> What you are asked to do
Here are the records. Write out exactly the lines between the one holding "Otto Eerelman - St" and the one holding "Kaart van postcodegebied 3415RA.", inclusive.

#####

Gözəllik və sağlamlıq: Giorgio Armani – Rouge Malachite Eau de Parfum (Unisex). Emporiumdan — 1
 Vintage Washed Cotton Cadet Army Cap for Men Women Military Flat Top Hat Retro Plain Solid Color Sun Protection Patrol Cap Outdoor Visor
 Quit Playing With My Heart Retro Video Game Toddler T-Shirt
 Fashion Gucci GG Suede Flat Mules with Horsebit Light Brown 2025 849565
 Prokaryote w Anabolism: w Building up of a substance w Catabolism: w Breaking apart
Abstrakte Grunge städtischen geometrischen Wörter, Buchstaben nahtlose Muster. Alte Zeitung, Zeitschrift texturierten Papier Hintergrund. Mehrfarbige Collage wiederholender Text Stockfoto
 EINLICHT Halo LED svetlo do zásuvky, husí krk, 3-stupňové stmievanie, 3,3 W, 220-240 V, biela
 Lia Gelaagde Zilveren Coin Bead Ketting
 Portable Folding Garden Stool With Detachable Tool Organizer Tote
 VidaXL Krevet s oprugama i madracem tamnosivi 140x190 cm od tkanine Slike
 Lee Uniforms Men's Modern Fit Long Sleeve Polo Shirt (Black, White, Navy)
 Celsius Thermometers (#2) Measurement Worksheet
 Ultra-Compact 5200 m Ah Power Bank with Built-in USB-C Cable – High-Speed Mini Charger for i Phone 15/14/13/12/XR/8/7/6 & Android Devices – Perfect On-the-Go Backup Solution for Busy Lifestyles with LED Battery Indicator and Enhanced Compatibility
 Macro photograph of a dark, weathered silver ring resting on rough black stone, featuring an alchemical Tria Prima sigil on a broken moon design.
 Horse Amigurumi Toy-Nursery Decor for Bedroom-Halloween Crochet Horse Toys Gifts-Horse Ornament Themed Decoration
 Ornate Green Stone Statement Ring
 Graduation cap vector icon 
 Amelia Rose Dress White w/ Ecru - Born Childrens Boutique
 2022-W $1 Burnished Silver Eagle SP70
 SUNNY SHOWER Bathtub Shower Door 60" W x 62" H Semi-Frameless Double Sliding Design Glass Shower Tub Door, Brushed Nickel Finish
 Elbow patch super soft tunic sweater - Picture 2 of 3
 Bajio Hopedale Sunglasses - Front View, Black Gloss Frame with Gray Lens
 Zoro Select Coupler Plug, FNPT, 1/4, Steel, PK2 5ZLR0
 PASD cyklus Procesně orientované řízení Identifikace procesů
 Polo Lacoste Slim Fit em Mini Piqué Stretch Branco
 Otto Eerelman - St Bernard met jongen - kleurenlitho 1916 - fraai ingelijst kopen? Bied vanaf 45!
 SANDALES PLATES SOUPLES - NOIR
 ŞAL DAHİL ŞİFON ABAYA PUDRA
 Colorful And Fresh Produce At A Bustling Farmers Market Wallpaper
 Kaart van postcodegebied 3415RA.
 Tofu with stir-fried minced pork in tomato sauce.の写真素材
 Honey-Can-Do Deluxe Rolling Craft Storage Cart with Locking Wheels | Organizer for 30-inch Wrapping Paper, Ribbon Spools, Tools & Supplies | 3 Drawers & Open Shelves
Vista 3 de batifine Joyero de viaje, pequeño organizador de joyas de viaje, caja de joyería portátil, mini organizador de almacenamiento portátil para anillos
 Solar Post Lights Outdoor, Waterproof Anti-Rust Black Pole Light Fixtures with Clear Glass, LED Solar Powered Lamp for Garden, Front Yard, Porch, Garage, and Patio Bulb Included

#####

> Response to the task
 Otto Eerelman - St Bernard met jongen - kleurenlitho 1916 - fraai ingelijst kopen? Bied vanaf 45!
 SANDALES PLATES SOUPLES - NOIR
 ŞAL DAHİL ŞİFON ABAYA PUDRA
 Colorful And Fresh Produce At A Bustling Farmers Market Wallpaper
 Kaart van postcodegebied 3415RA.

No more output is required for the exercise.